From the first line of the listing below through the line with "крисы Надым", transcribe exactly and skip the pictures.

● PROVIDED MATERIAL:

==========

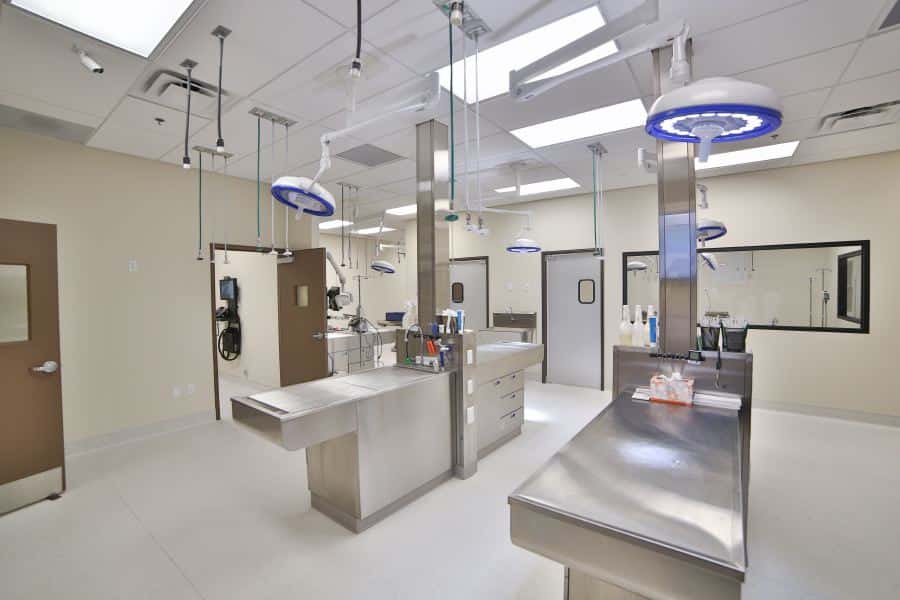 Inspirada Animal Hospital — Doctors & Medical photo 3 of 5
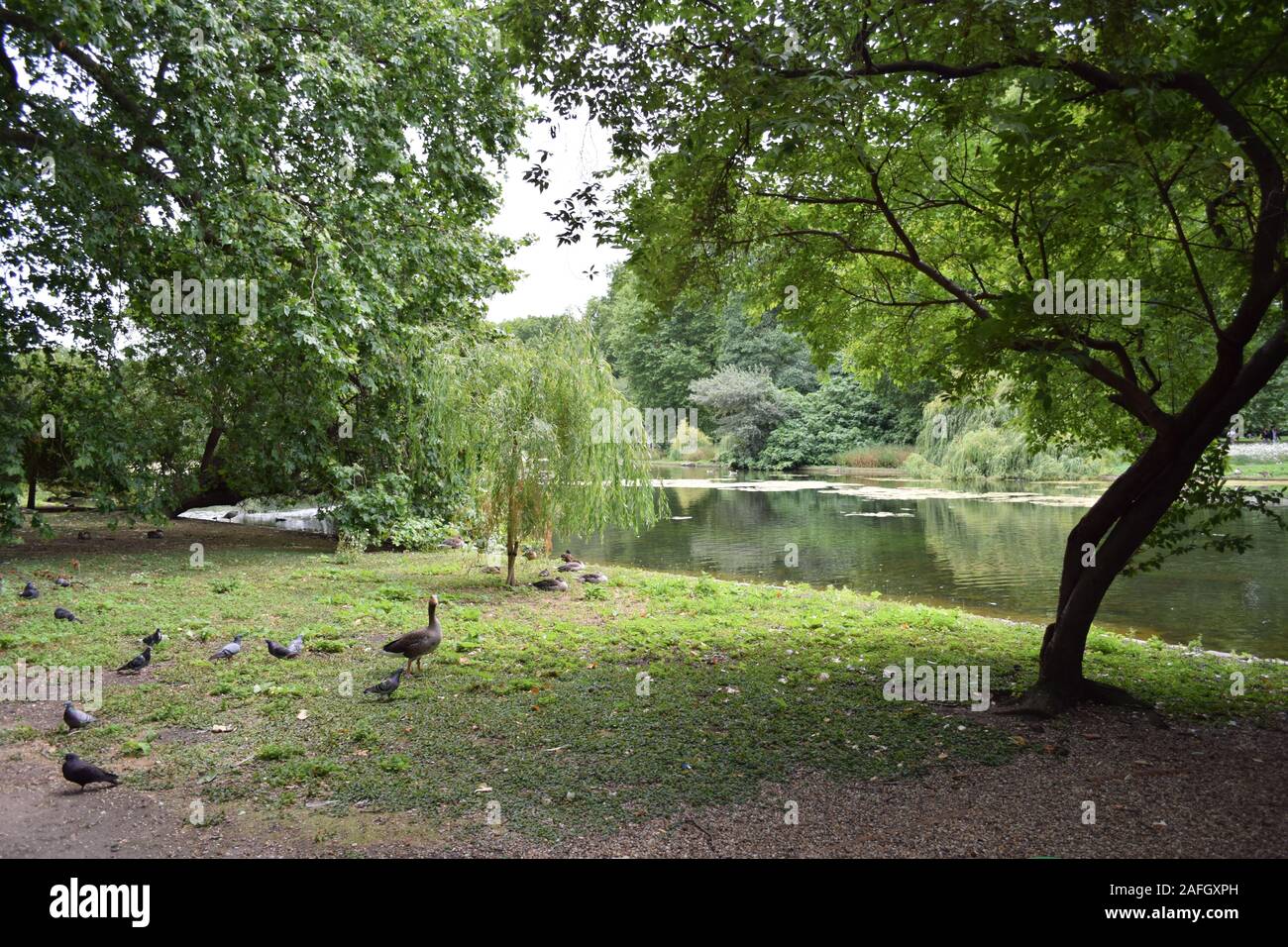 Grazioso scenario di uccelli che pendono fuori nel parco a Londra, Regno Unito Foto Stock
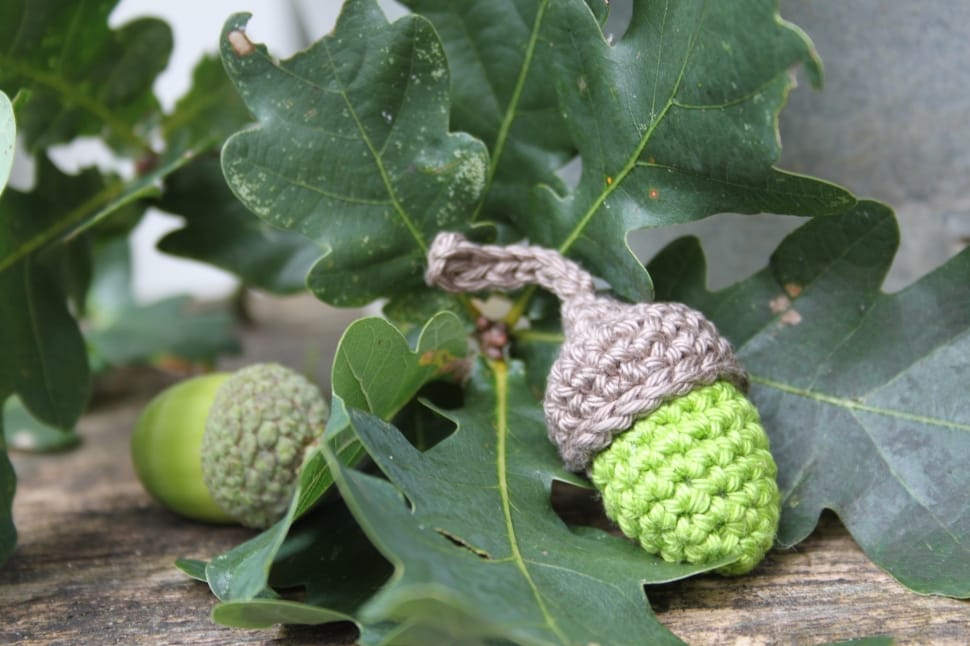 brown and green knitted acorn preview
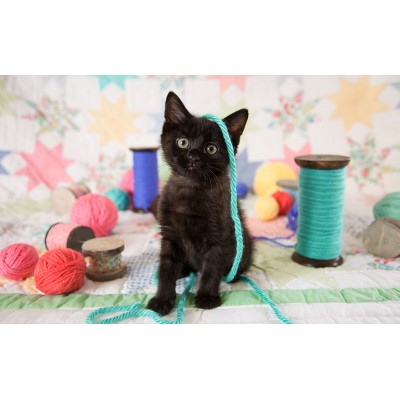 Sunsout - 300 pièces - Chat Mignon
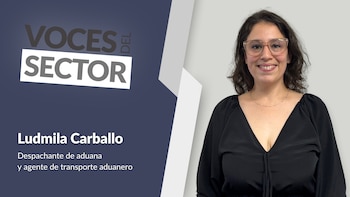 Despachante de aduana: el rol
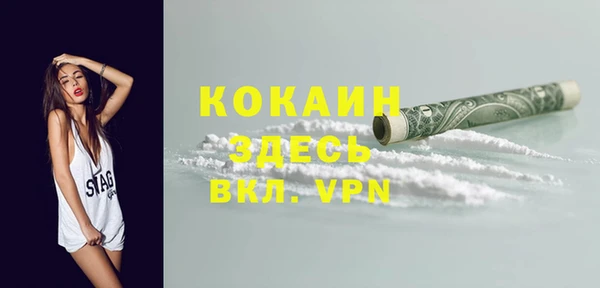 крисы Надым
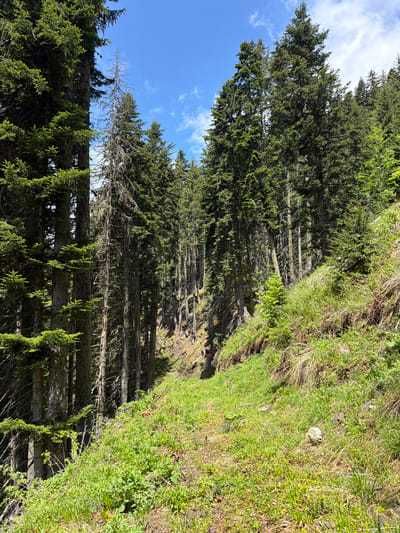 The image shows a forest landscape in what appears to be a mountainous area. A dense cluster of evergreen trees, likely fir or spruce, dominates the left side of the frame, reaching up towards a blue sky with some scattered clouds. The trees cast shadows, indicating sunlight direction.
To the right of the trees, there's a steep, grassy slope, densely covered in vegetation. A narrow track may be inferred from the border of the trees and the slope, but it is not distinctly visible.
The scene likely depicts a natural setting near Рилски манастир, Bulgaria given the local flora and the mountainous terrain associated with the region. No people, animals, or immediate structures are visible.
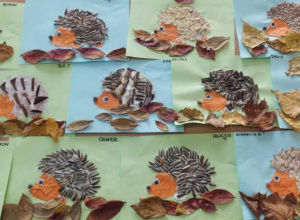 Dzień Jeża w Żabkach i Motylkach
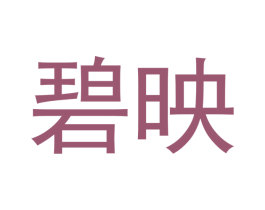 碧映 第21类厨房洁具商标图样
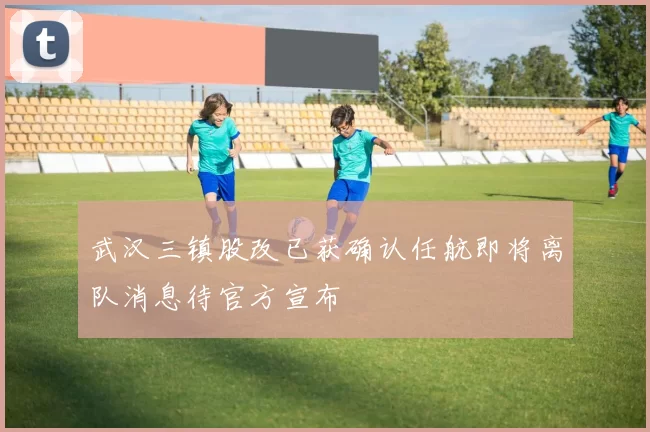 武汉三镇股改已获确认任航即将离队消息待官方宣布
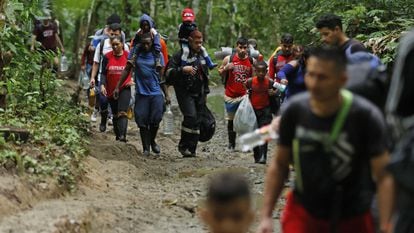 Migrantes caminan por una montaña con la intención de llegar a Panamá, el 8 de octubre de 2022, a través del Tapón del Darién (Colombia).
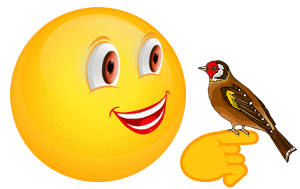 Smiley der einen vogel zeigt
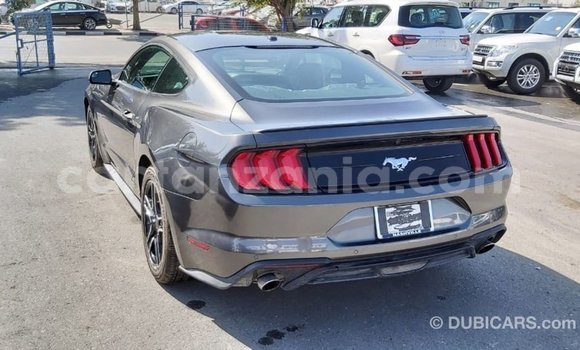 Buy Import Ford Mustang Other Car in Import - Dubai in Arusha Buy Import Ford Mustang Other Car in Import - Dubai in Arusha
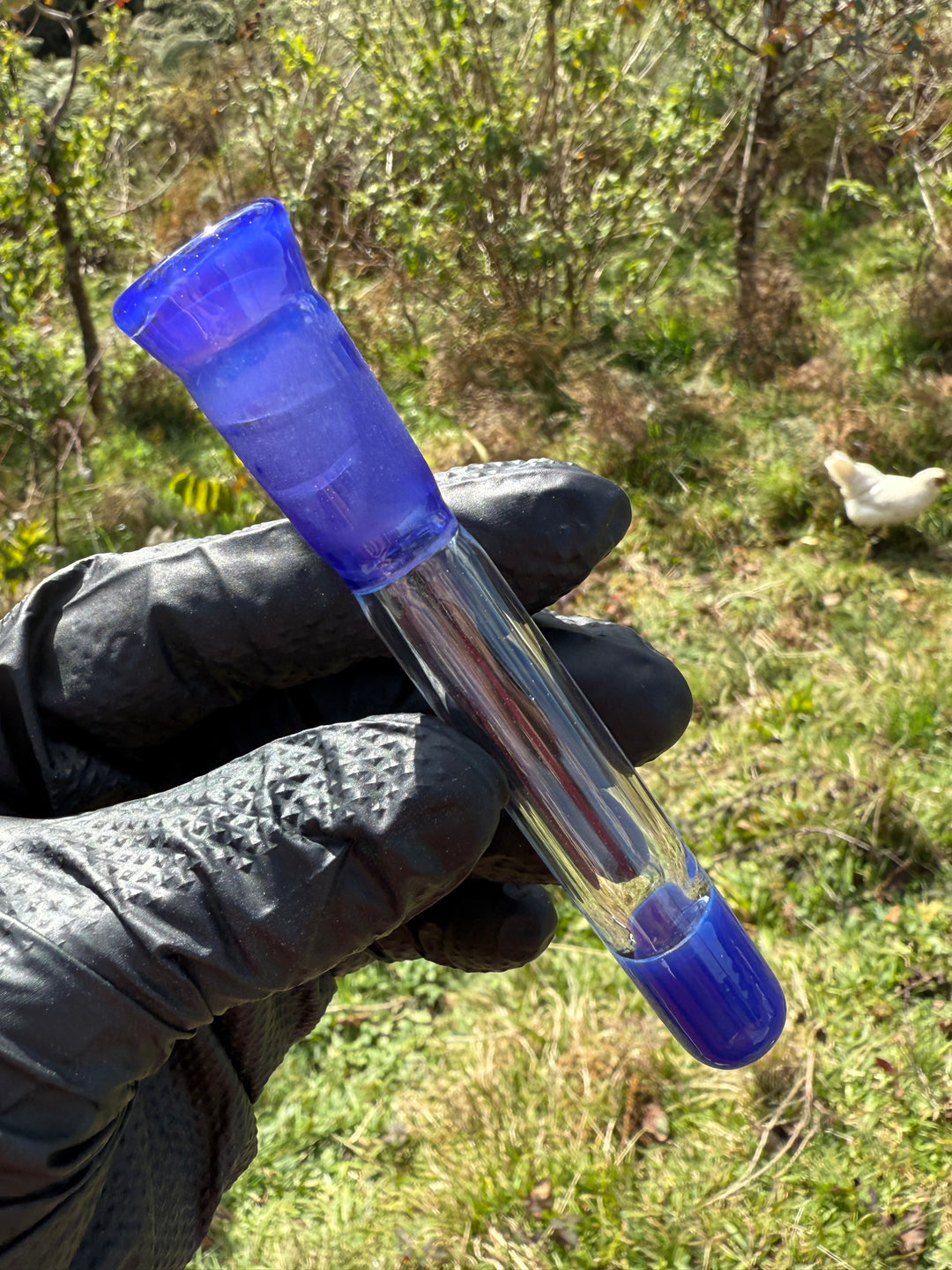 Jamie Clement Glass Downstem Seconds Quality - Blue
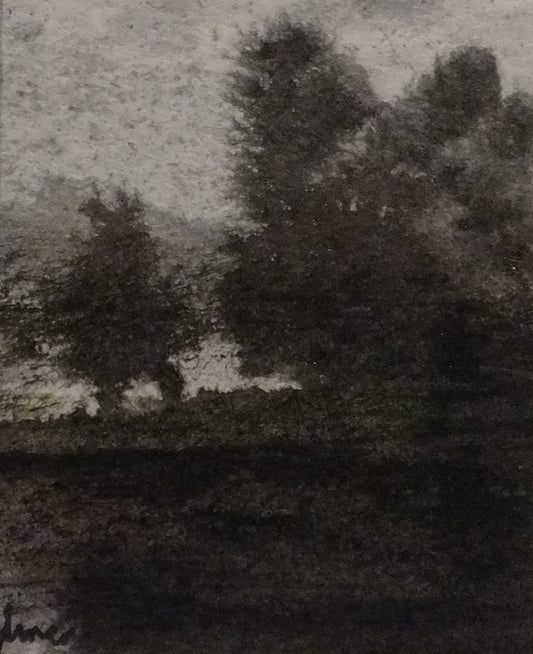 Image of Tall Trees by Sam McCready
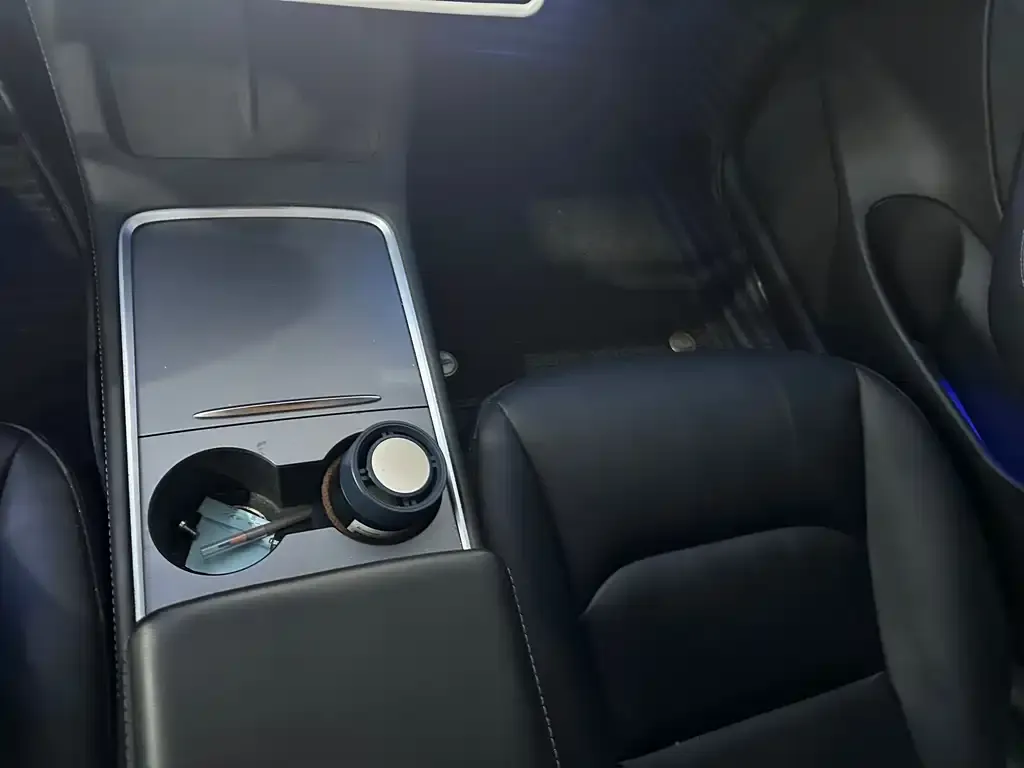 Tesla Model 3 2021 из CN, фото 7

==========

● COMPLETED EXERCISE:
 Inspirada Animal Hospital — Doctors & Medical photo 3 of 5
 Grazioso scenario di uccelli che pendono fuori nel parco a Londra, Regno Unito Foto Stock
 brown and green knitted acorn preview
 Sunsout - 300 pièces - Chat Mignon
 Despachante de aduana: el rol
 крисы Надым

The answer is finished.